As part of the effort to improve AIX support, regression test coverage
misses quite a lot for AIX subtarget. This patch adds AIX triple to
those don't need extra change, and we can cover more cases in following
commits.
Reviewed By: steven.zhang
Differential Revision: https://reviews.llvm.org/D94159
Summary: Some constants can be handled with less instructions than our current results. And it seems our original approach is not very easy to extend. Therefore this patch proposes to materialize all 64-bit constants by enumerated patterns.
I traversed almost all constants to verified the functionality of these pattens. A traversed comparison of the number of instructions used by the original method and the new method has also been completed, where no degradation was caused by this patch. This patch also passed Bootstrap test and SPEC test.
Improvements of this patch are shown in llvm/test/CodeGen/PowerPC/constants-i64.ll
Reviewed By: steven.zhang, stefanp
Differential Revision: https://reviews.llvm.org/D92089
Currently we have a number of tests that fail with -verify-machineinstrs.
To detect this cases earlier we add the option to the testcases with the
exception of tests that will currently fail with this option. PR 27456 keeps
track of this failures.
No code review, as discussed with Hal Finkel.
llvm-svn: 277624
r225135 added the ability to materialize i64 constants using rotations in order
to reduce the instruction count. Sometimes we can use a rotation only with some
extra masking, so that we take advantage of the fact that generating a bunch of
extra higher-order 1 bits is easy using li/lis.
llvm-svn: 225147
Materializing full 64-bit constants on PPC64 can be expensive, requiring up to
5 instructions depending on the locations of the non-zero bits. Sometimes
materializing a rotated constant, and then applying the inverse rotation, requires
fewer instructions than the direct method. If so, do that instead.
In r225132, I added support for forming constants using bit inversion.

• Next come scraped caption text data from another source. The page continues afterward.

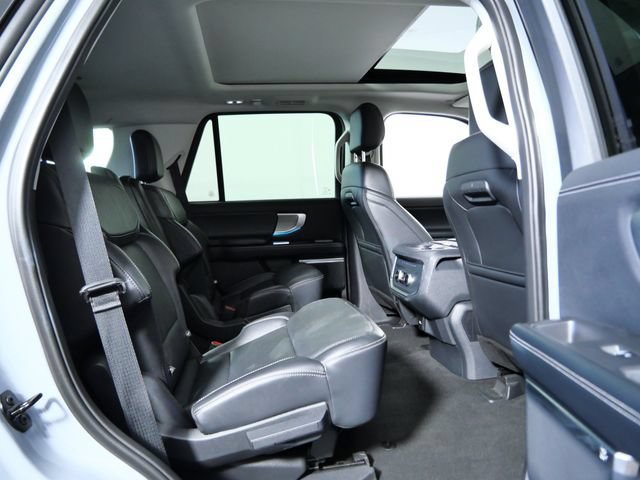 Certified 2025 Ford Expedition Platinum AWD/4WD image 12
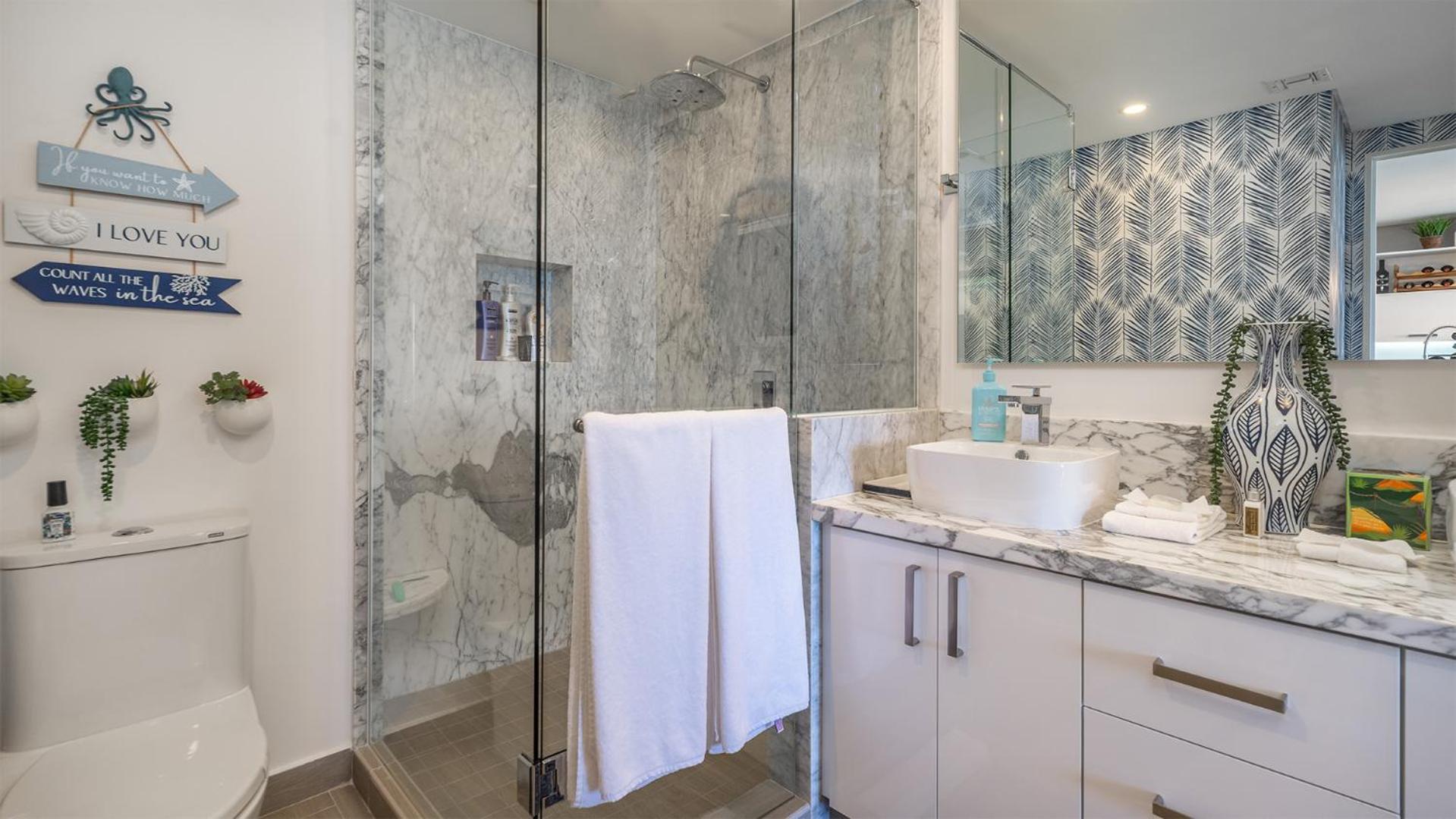 Sublime 1 bedroom condo Encantame Towers Verano 403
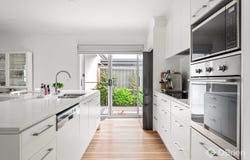 133/45 Heytesbury Drive, Officer South, Vic 3809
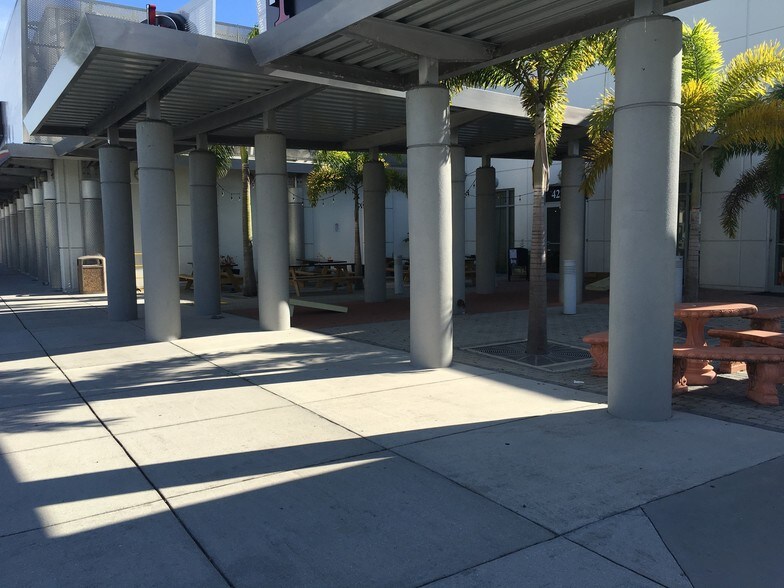 More Photos Of 4224 S Cleveland Ave, Fort Myers Unknown For Lease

In
effect, this reverts that commit and replaces it with rotation support. The bit
inversion is useful for turning constants that are mostly ones into ones that
are mostly zeros (thus enabling a more-efficient shift-based materialization),
but the same effect can be obtained by using negative constants and a rotate,
and that is at least as efficient, if not more.
llvm-svn: 225135
Materializing full 64-bit constants on PPC64 can be expensive, requiring up to
5 instructions depending on the locations of the non-zero bits. Sometimes
materializing the bit-reversed constant, and then flipping the bits, requires
fewer instructions than the direct method. If so, do that instead.